■ HOW TO COMPLETE THIS TASK ■
Starting at the line that contains "New 2026 RAM 1500 Big Horn image 9", quote every line through the end of the entries, word for word, skipping the pictures.

■ EXERCISE MATERIAL ■
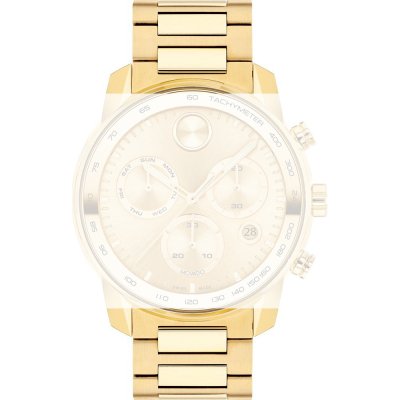 Movado 769000386 Bold Verso Band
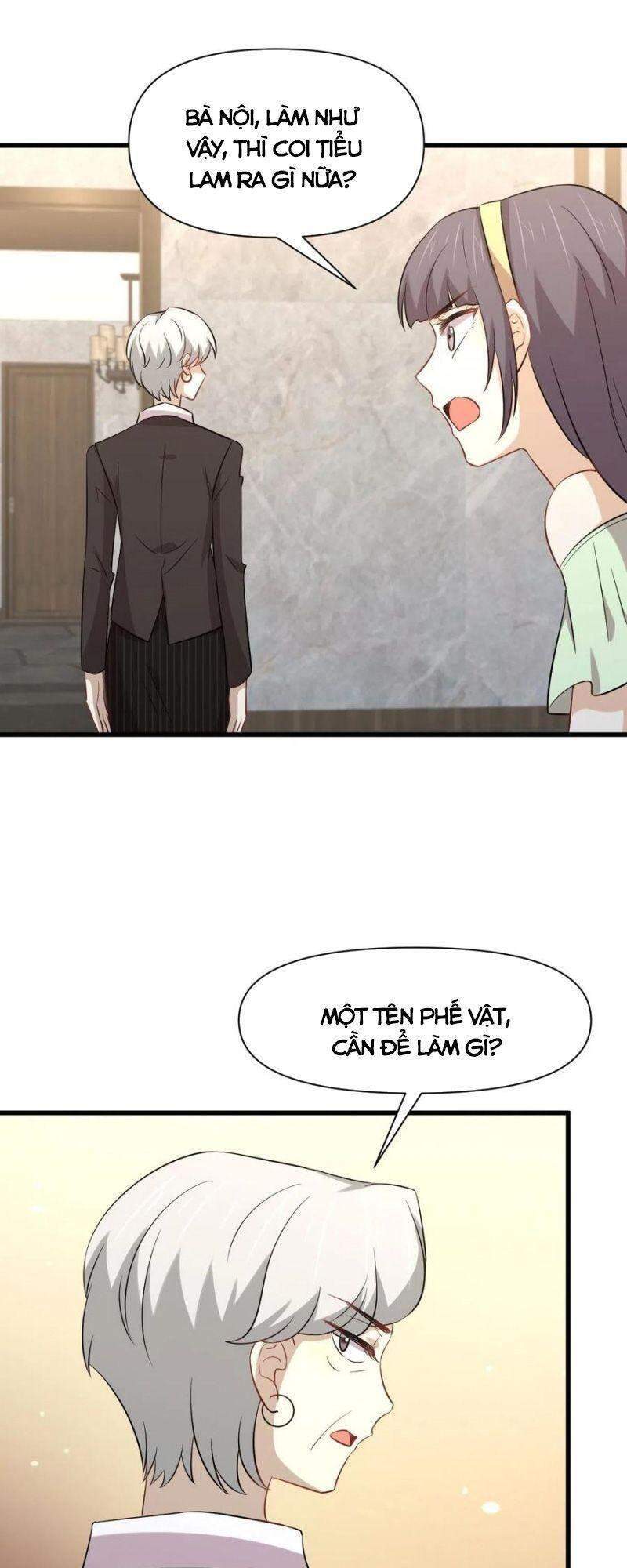 Xuyên Không Vào Thế Giới Nữ Cường Chapter 234 - 23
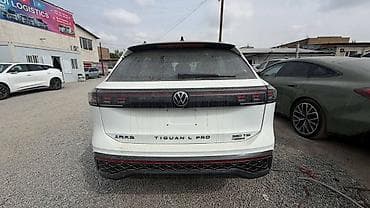 фольсваген тигуан: Volkswagen Tiguan: 2026 г., 2 л, Робот, Бензин, Кроссовер — 8
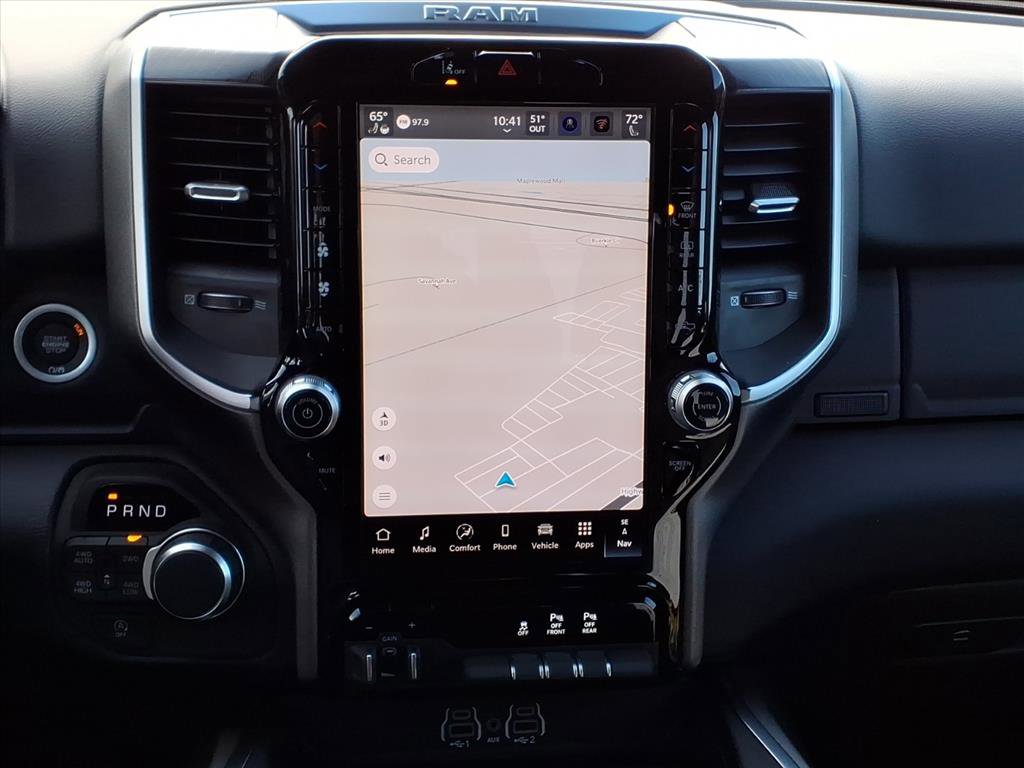 New 2026 RAM 1500 Big Horn image 9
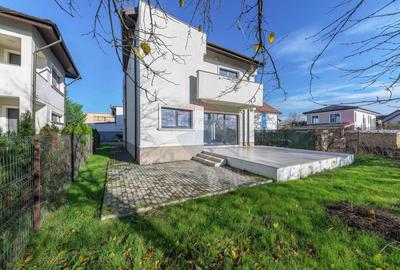 Casă individuală cu 5 camere cu Garaj în Cernica - 33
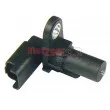 Capteur d'angle, vilebrequin METZGER 0902196 - Visuel 1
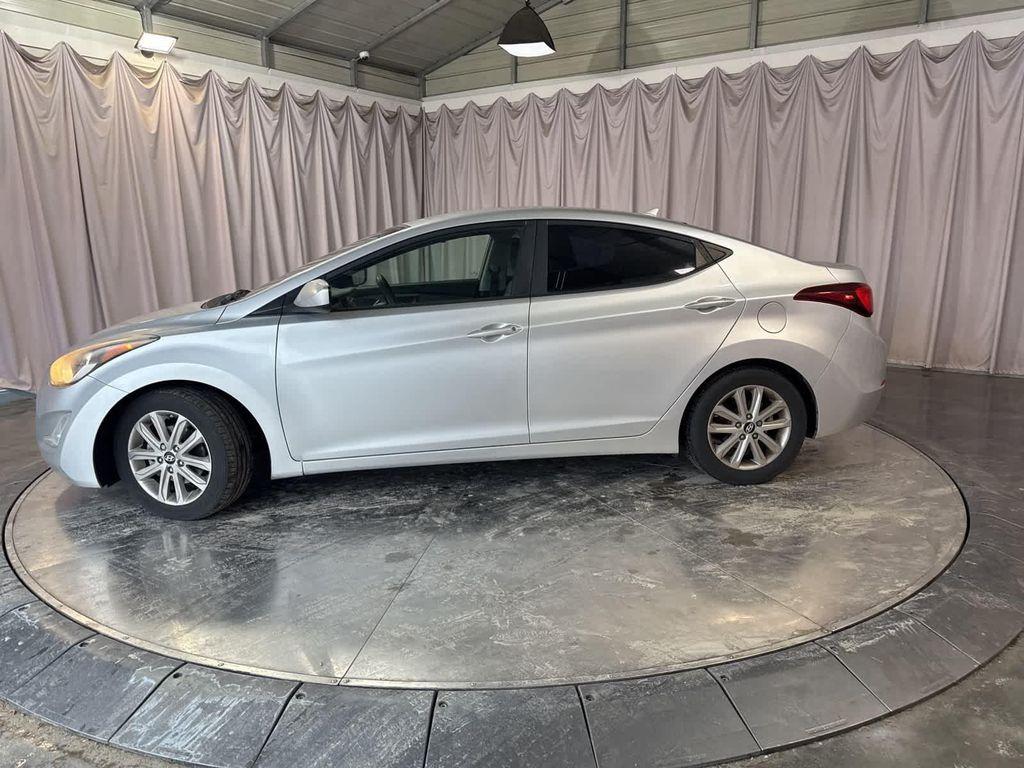 used 2014 Hyundai Elantra car, priced at $6,999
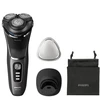 Barzdaskutė SKUVEKKLIS VĪRIEŠU S3343/13 PHILIPS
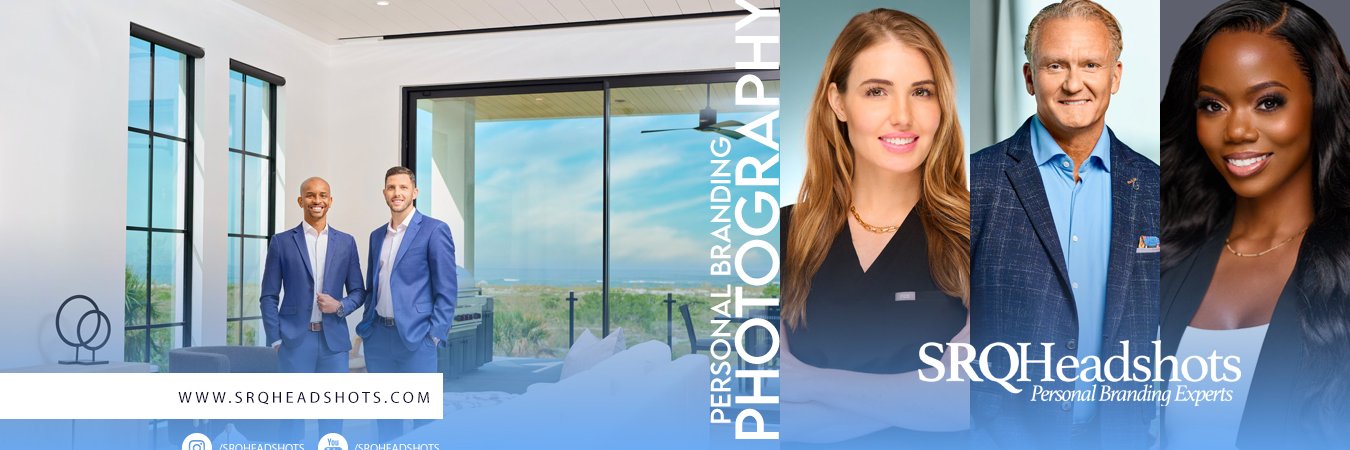 srqheadshots's profile banner image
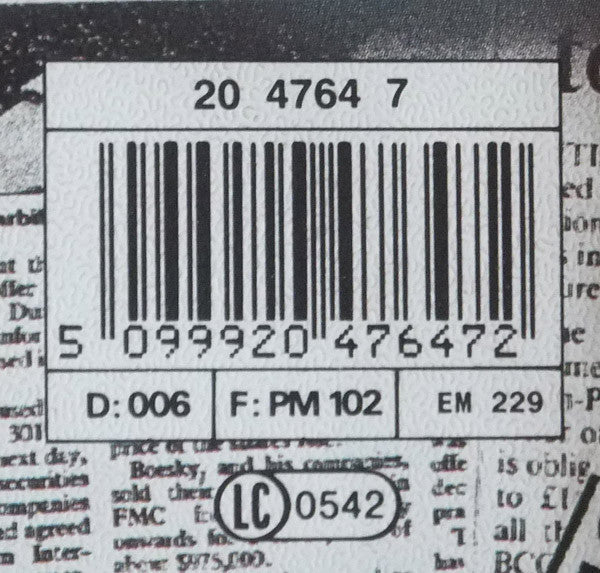 Iron Maiden : Be Quick Or Be Dead (7", Single)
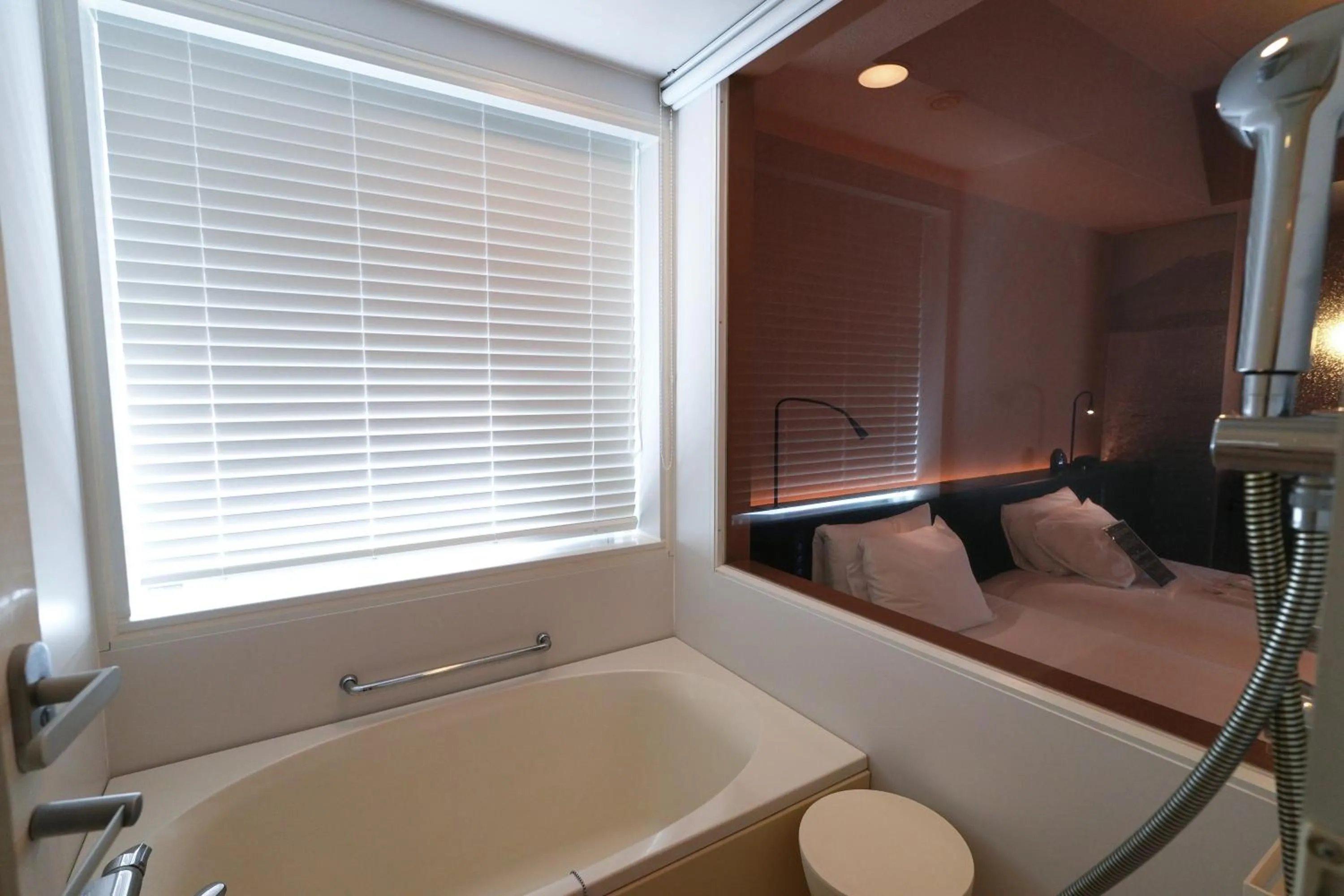 Bed in remm Kagoshima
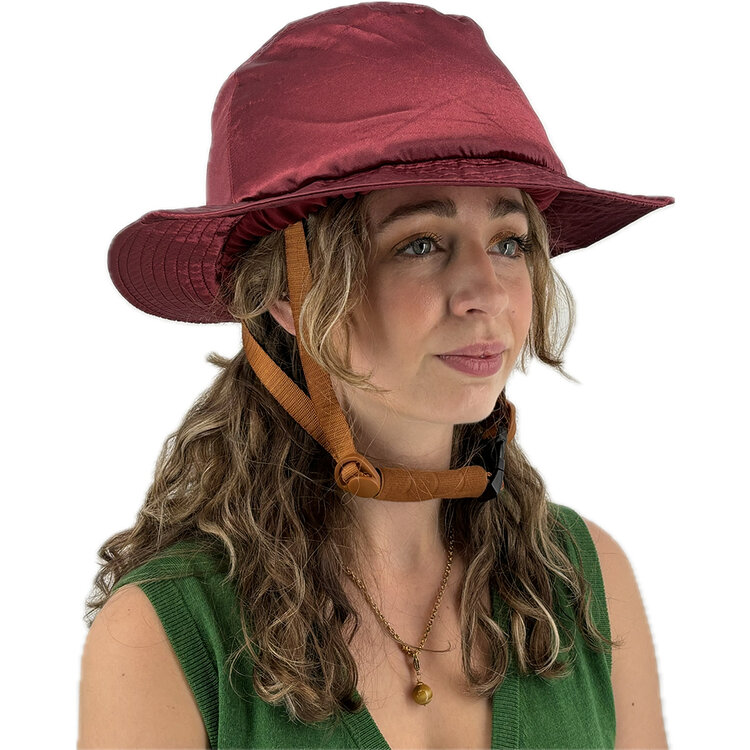 Vizorz SwitchCap casques de v&eacute;lo - Red shiny classic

■ RESULT OF THIS EXERCISE ■
 New 2026 RAM 1500 Big Horn image 9
 Casă individuală cu 5 camere cu Garaj în Cernica - 33
 Capteur d'angle, vilebrequin METZGER 0902196 - Visuel 1
 used 2014 Hyundai Elantra car, priced at $6,999
 Barzdaskutė SKUVEKKLIS VĪRIEŠU S3343/13 PHILIPS
 srqheadshots's profile banner image
 Iron Maiden : Be Quick Or Be Dead (7", Single)
 Bed in remm Kagoshima
 Vizorz SwitchCap casques de v&eacute;lo - Red shiny classic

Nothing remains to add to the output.